Senator Owen Brewster had let slip on the Senate floor recently that the atomic bomb, according to his understanding, was already in Japan. The President had agreed that he would not use it unless Russia used it first and that, in any event, he would initially consult with the British.

Former White House court jester George Allen had a framed motto in his office which read: "A man is as big as the things that annoy him." Beside it was an autographed picture of the President. Mr. Pearson remarks that while it was against the law for someone to write a letter threatening the President, the President could write threatening letters with impunity—referring to his December 6 letter to Washington Post music critic Paul Hume, threatening to assault him if he ever met up with him, for his negative review of daughter Margaret's operatic performance of December 5.

Joseph & Stewart Alsop's editorial of the previous February 2 is reprinted, according to the editors, because of the call from Republicans for the resignation of Secretary of State Acheson having germinated from Mr. Acheson's statement of continuing support of his old friend Alger Hiss, notwithstanding the conviction in January of Mr.

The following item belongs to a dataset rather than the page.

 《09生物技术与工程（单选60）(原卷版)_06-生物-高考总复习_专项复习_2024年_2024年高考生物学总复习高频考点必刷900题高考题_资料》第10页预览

Hiss in New York Federal court for perjury and sentence to five years in prison in the retrial of the matter following the 1949 hung jury, a movement compounded in its momentum by the recent affirmance of the conviction by the Second Circuit Court of Appeals against a claim by the defendant that there was not substantial evidence to support the conviction, as perjury required evidence beyond the testimony of a single percipient witness, in that case that of Whittaker Chambers.

Marquis Childs discusses the imminent return to active duty by General Eisenhower, to become supreme commander of NATO. His wife, Mamie, had figured that on one tour of duty or another he had been out of the country for a total of 13 years, during most of which time they had been apart. He was being called back up to take the NATO post because he was the only person who could inspire the confidence of both Western Europeans and Americans. The announcement of his appointment would likely come at the conclusion of the Brussels conference of defense and foreign ministers.

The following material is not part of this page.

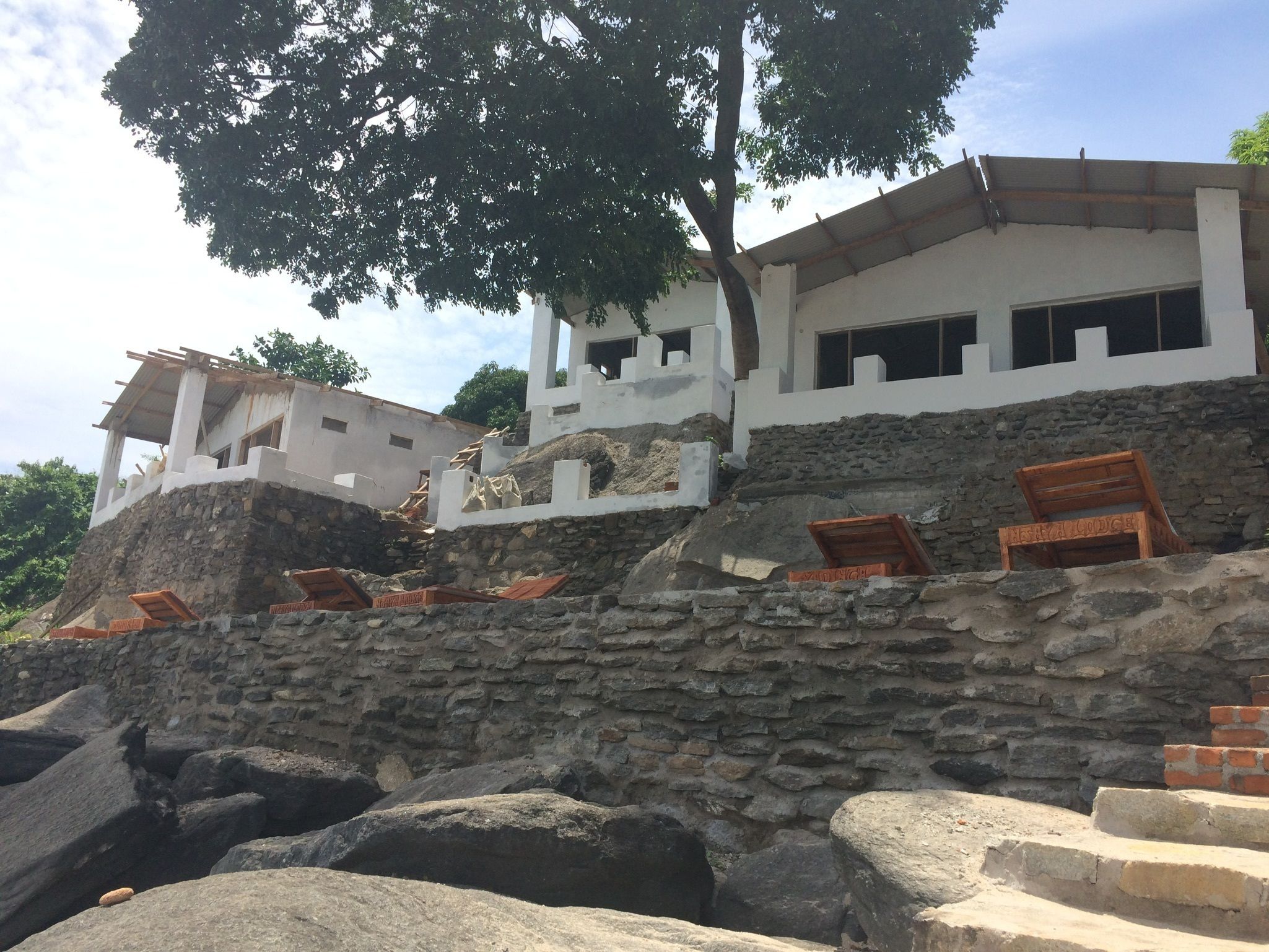 Una escalera de piedra lleva a un edificio blanco con numerosas ventanas y un árbol encima.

The General believed that he should go at once to Europe after the appointment, to effect unity and resolution of the free world. He believed that his role would be as much diplomat as soldier, utilizing the same set of skills which he had used as Allied commander of the Expeditionary Forces in Europe during World War II. Deputy commanders would work out the details of interrelationship between the forces under his command.

He was not going to resign as president of Columbia, a position he had assumed in mid-1948, but would take a leave of absence and return within a year or so absent any war, in which event, he believed, a younger man would have to assume the position in Europe. The General talked about World War II as if it had occurred only yesterday.

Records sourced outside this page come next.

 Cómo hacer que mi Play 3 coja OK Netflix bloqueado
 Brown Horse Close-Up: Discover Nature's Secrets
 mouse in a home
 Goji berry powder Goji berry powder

Robert C. Ruark tells of a woman saying that it was time for a woman to become Secretary of State and President, in which case there would be peace. He was ready for women to take over all of the major positions in Government, but warns that they had better then be prepared for a "few small reprisals". They might wind up subject to the draft, as the Russians had drafted women. Women could be used as infantry, he asserts, as Marguerite Higgins had proven she could be a war correspondent on the ground in Korea, and Anna Rosenberg was handling manpower coordination for Defense Secretary Marshall. The average housewife walked more miles in an average day than most males and so could perform with facility the duties of the G.I.

If women were to take over the world, they would need to prove themselves and women in the draft would allow that opportunity from within the lower ranks.

He says that, personally, however, he had little faith in women's abilities to lead the world, as he had found them too querulous, treacherous, garrulous and mercurial. A madame President might take a disliking to the style of hat worn by a foreign leader and declare war as a result. He wants to wait until some of the nieces of the current highly competent women in Government service had first stormed the beaches before entrusting them with the responsibilities of President or Secretary of State.